Recent battlefield evidence – including the recovery of Chinese-made PL-15E missile debris in Punjab and encrypted telecom devices in the hands of cross-border militants – has sparked alarm in New Delhi. Yet this hardware, while symbolic of deeper defence ties, also betrays the vulnerabilities China seeks to contain. The more CPEC embeds itself in disputed territory, the more exposed it becomes to cycles of violence. And the more China invests, the more it has to lose.

Already, the stakes are high. Chinese private security contractors, once active mostly in Africa, are now quietly expanding operations in Pakistan – including in Sindh and potentially in Kashmir. In Sindh alone, particularly at the Thar coal power projects, approximately 60 Chinese security personnel have been deployed to safeguard Chinese nationals working on CPEC-linked infrastructure. Firms like DeWe Security and Frontier Services Group (FSG) are tasked with protecting Chinese workers, but their presence hints at an uncomfortable reality: Beijing does not fully trust the Pakistani state to secure its nationals.

According to the Africa Centre for Strategic Studies, Beijing DeWe and Huaxin Zhong An employ over 35,000 personnel across Africa, South Asia, and the Middle East. In Kenya alone, DeWe guards the $3.6-billion Chinese-funded railway line. This growing international footprint now appears to extend into volatile regions of Pakistan, including Sindh and, potentially, Kashmir.

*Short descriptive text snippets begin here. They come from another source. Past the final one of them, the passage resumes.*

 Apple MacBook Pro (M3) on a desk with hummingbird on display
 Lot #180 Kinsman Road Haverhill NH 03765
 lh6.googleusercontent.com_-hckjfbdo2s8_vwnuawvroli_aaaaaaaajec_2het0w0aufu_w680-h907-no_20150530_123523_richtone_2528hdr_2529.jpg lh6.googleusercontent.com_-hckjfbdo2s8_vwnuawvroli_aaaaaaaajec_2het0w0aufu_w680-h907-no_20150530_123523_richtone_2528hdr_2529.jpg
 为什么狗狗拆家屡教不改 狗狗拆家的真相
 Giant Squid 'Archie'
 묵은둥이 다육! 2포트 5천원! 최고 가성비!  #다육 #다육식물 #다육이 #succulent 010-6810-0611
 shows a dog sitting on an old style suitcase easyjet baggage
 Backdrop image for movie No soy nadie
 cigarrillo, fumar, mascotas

This reliance on paramilitary proxies is double-edged. While it may offer short-term protection, it also risks entangling China in South Asia’s sectarian and insurgent fault lines. The Mercator Institute for China Studies (MERICS), a Berlin-based think tank and one of Europe’s leading authorities on Chinese policy, has highlighted this risk. Established in 2013 by Germany’s Stiftung Mercator, MERICS analyses China’s political, economic, and security strategies and their global implications. It warns that the spread of Chinese private security companies presents a “strategic challenge” to European and allied interests, particularly because their activities are largely unregulated and their contractors often lack the training to operate in complex conflict zones.

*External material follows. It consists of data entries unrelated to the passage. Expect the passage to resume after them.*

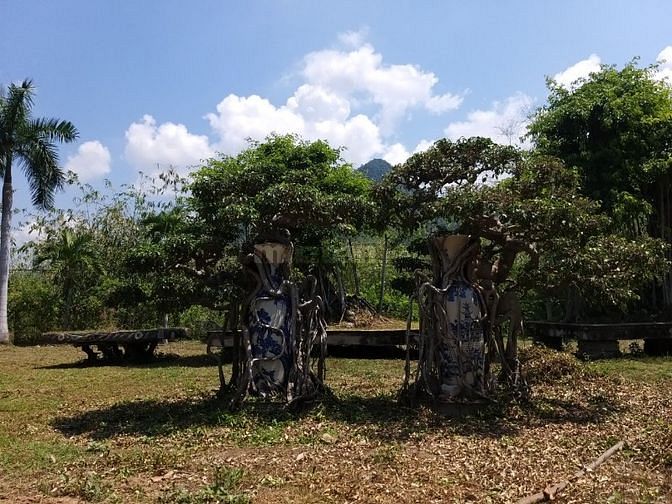 Bán Nhà Vườn 2,3 Hécta Tại Cam Lâm, Khánh Hòa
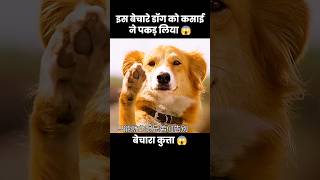 इस डॉग को कसाई ने पकड़ लिया 😱  short movie dog cartoon [upl. by Yrreiht17]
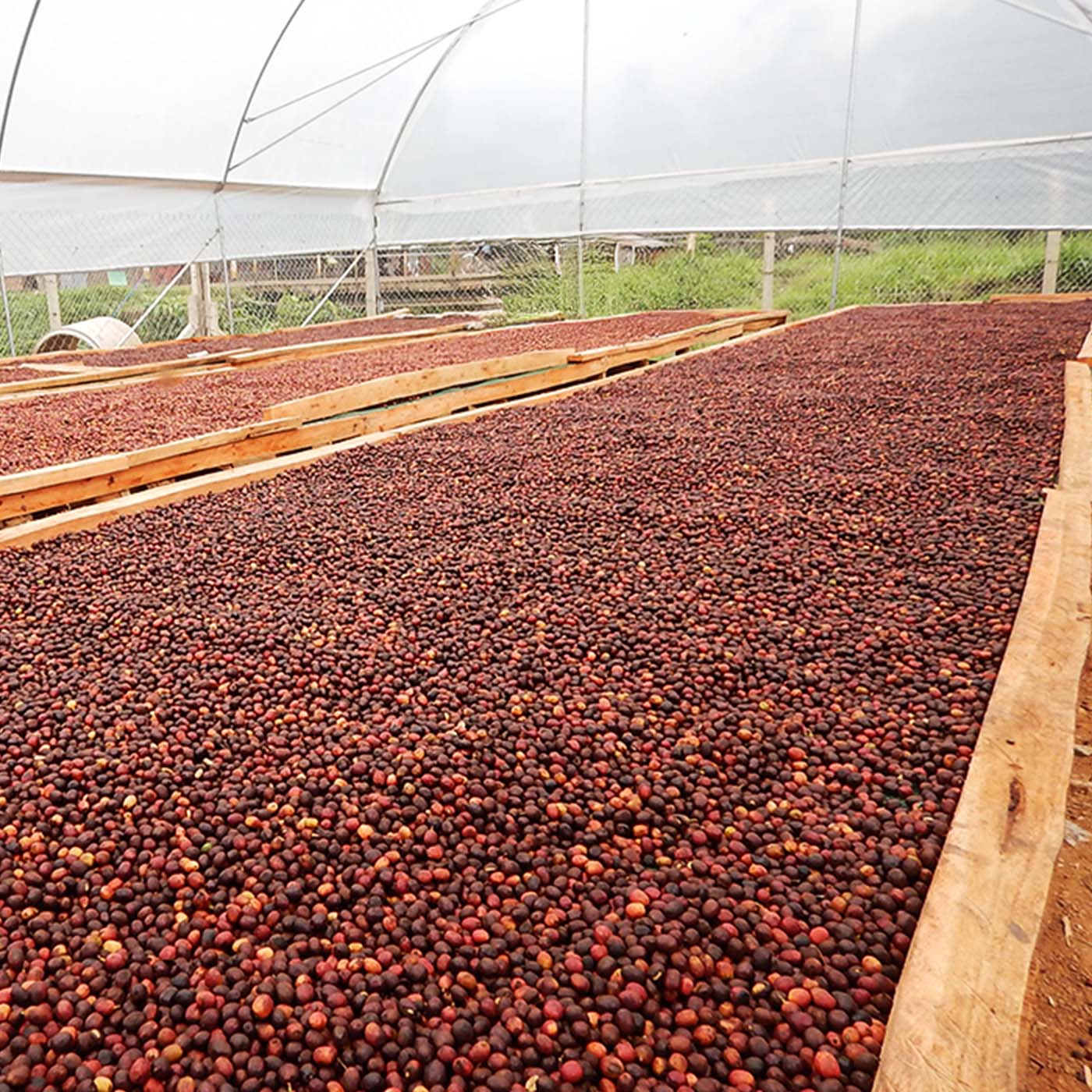 コーヒーの総合専門店】【珈琲探訪】ドリップ オン ウガンダ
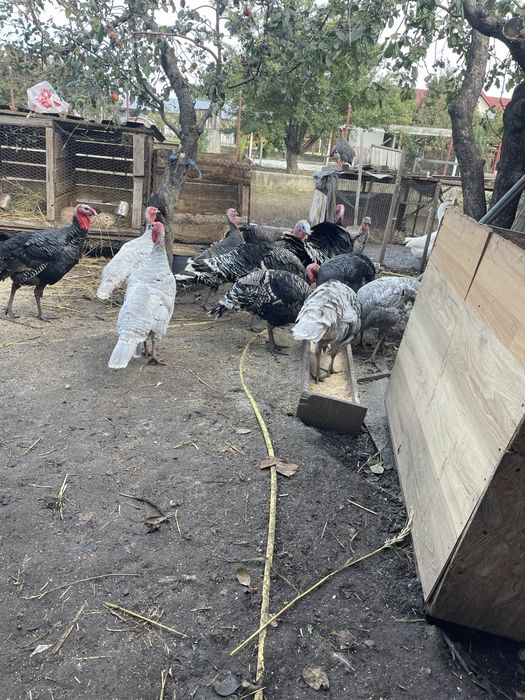 Disponibili curci si curcani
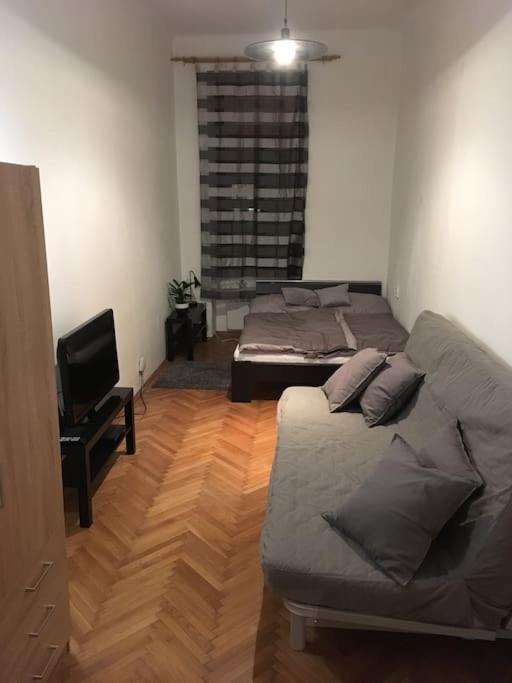 Utulne Ubytovani U Centra V Blizkosti Vystaviste Brno Luaran gambar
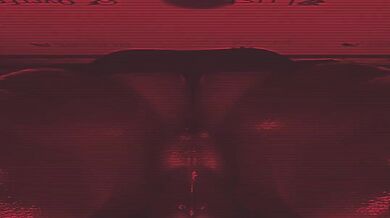 Pleasure Palace of Futa PMV: Inside the Forbidden Chambers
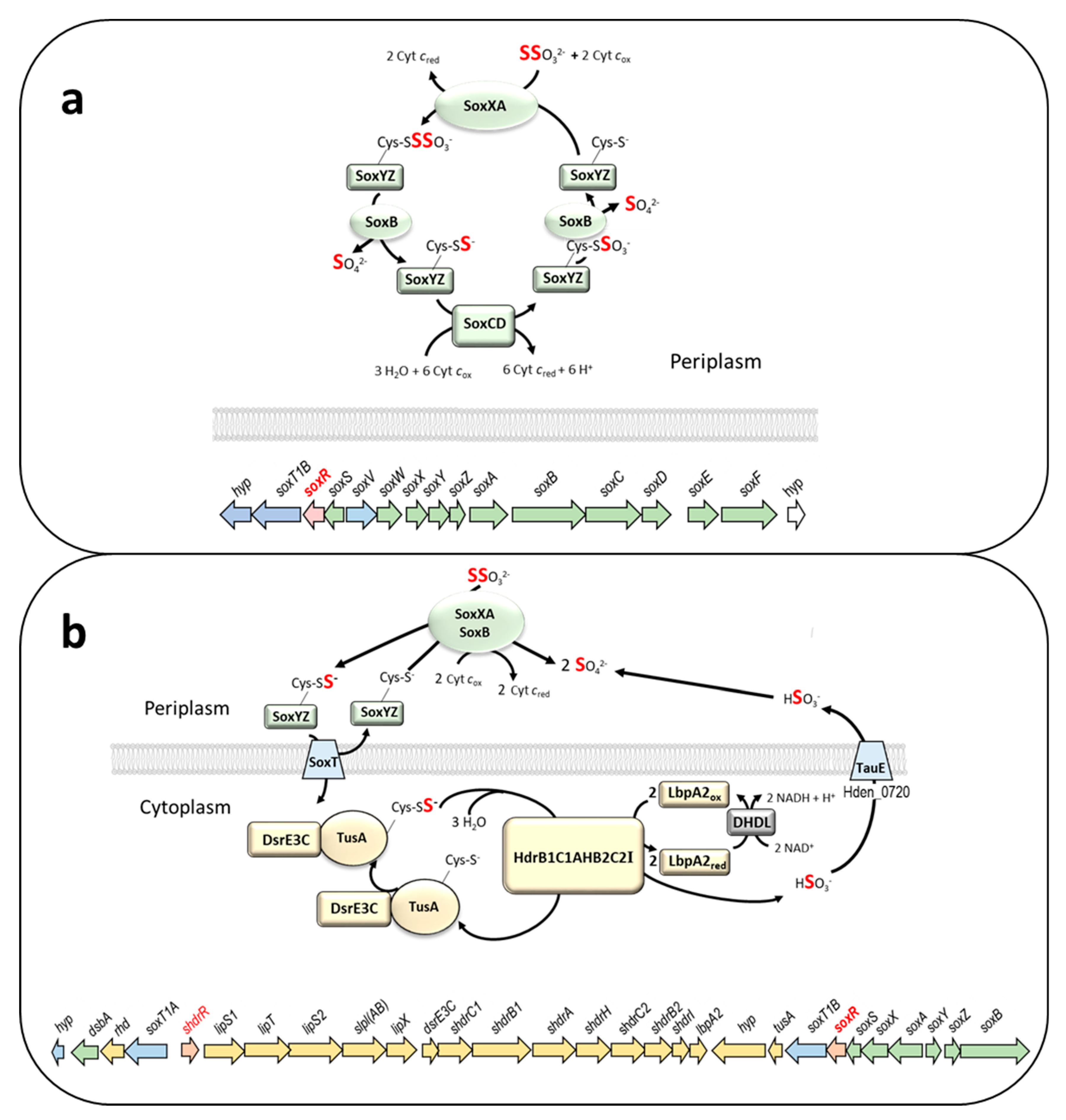 Antioxidants 12 01620 g001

FSG, co-founded by former US Navy SEAL Erik Prince, has publicly endorsed China’s Belt and Road Initiative. MERICS reports that the company has signed contracts to build logistics and training bases in Xinjiang – moves that have drawn scrutiny given the region’s documented human rights abuses.

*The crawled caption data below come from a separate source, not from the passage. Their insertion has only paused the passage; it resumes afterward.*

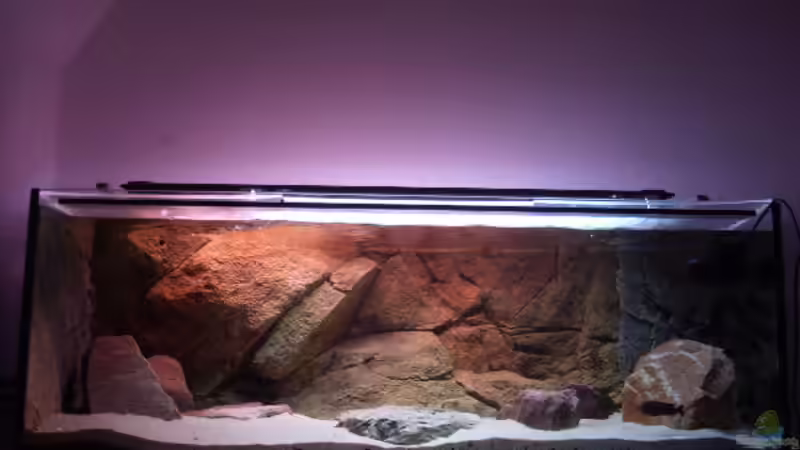 Aquarium Hauptansicht von Herzinfarktrisikosenker II von Niklot (1)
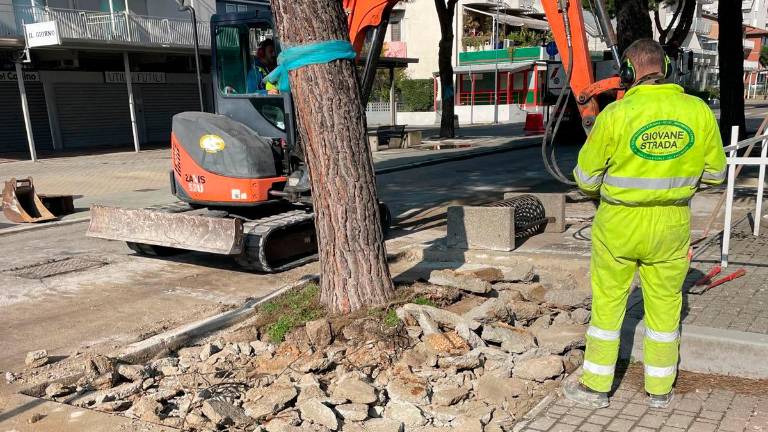 Esposti in procura per i pini di Lido di Savio: «Alberi danneggiati dalle prove di trazione» Esposti in procura per i pini di Lido di Savio: «Alberi danneggiati dalle prove di trazione»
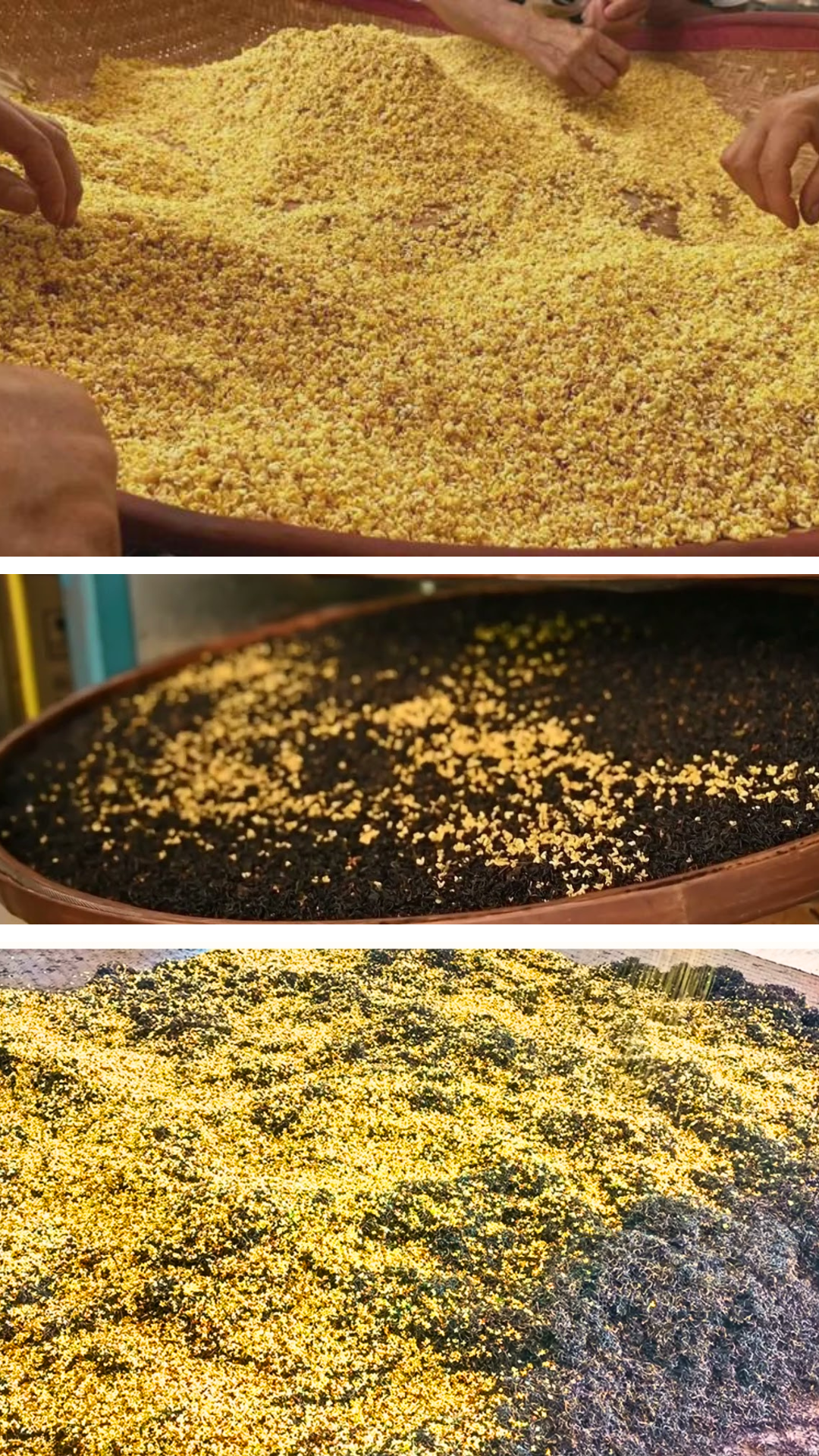 Osmanthus Qimen Black Tea
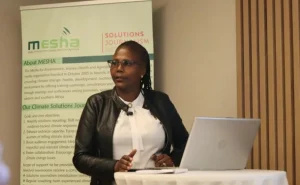 Journalists urged to move climate reporting beyond disasters to preparedness and solutions
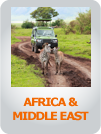 Africa & Middle East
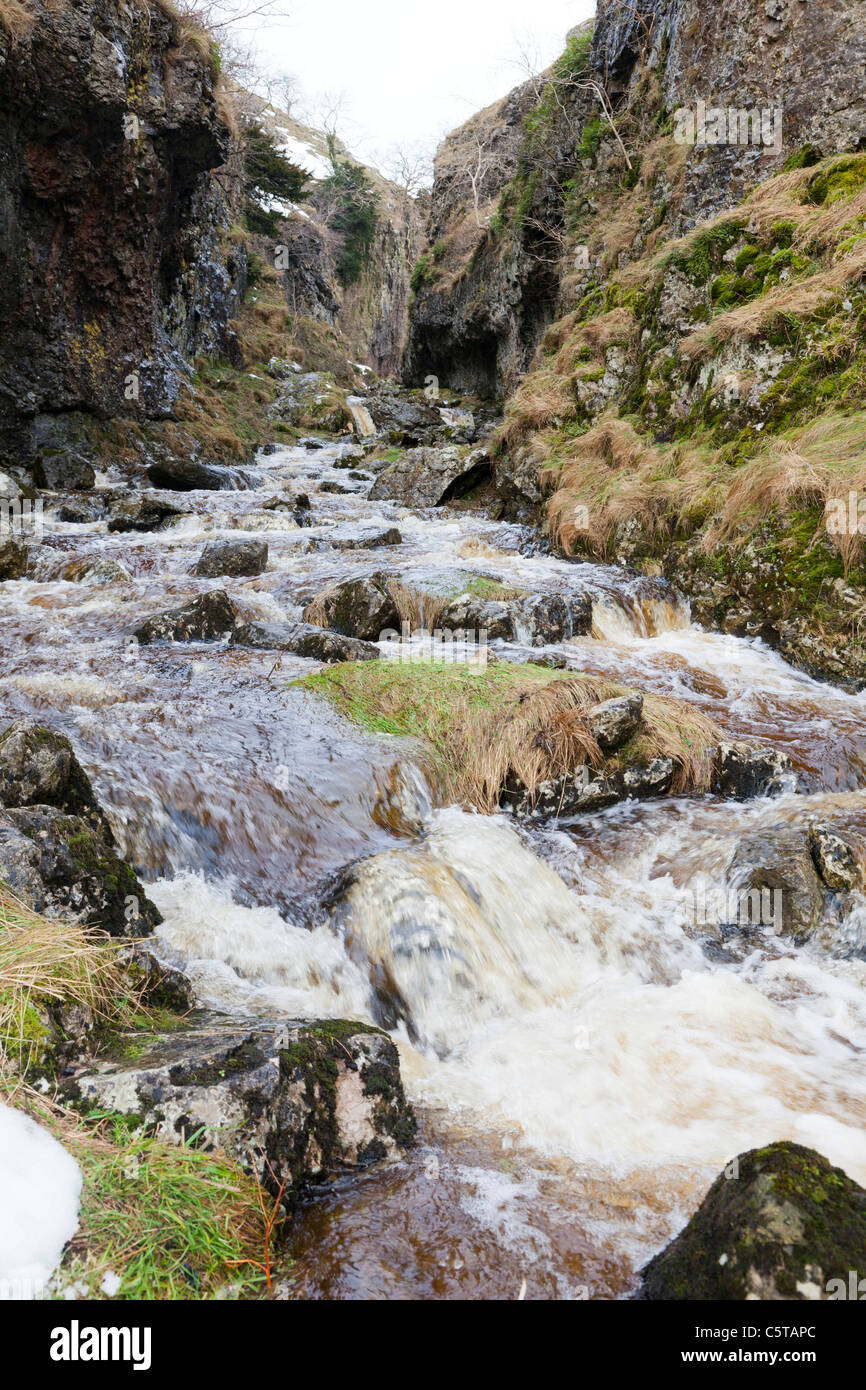 Il Troller Gill Trollerdale Yorkshire Dales England Regno Unito Foto Stock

China’s broader ambitions – whether in Africa, Central Asia, or the Indian Ocean – depend on a narrative of non-interference and peaceful development. A high-profile clash involving Chinese assets or citizens in Kashmir would jeopardise not only CPEC, but the very model China is trying to export: infrastructure-led diplomacy, backed by commerce, not confrontation.

An Indian security analyst puts it bluntly: “The Chinese presence in PoK is a double bind. Yes, it helps Pakistan militarily. But it also binds China to a region it can’t control, in a conflict it doesn’t want to own.”

For Beijing, therefore, the challenge is to balance its strategic foothold with its global image. The Line of Control may be a frontier between two rivals – but for China, it is increasingly a fault line that must not rupture. CPEC cannot run through chaos. In that sense, stability in Kashmir isn’t just India’s concern, it’s additionally become a Chinese imperative.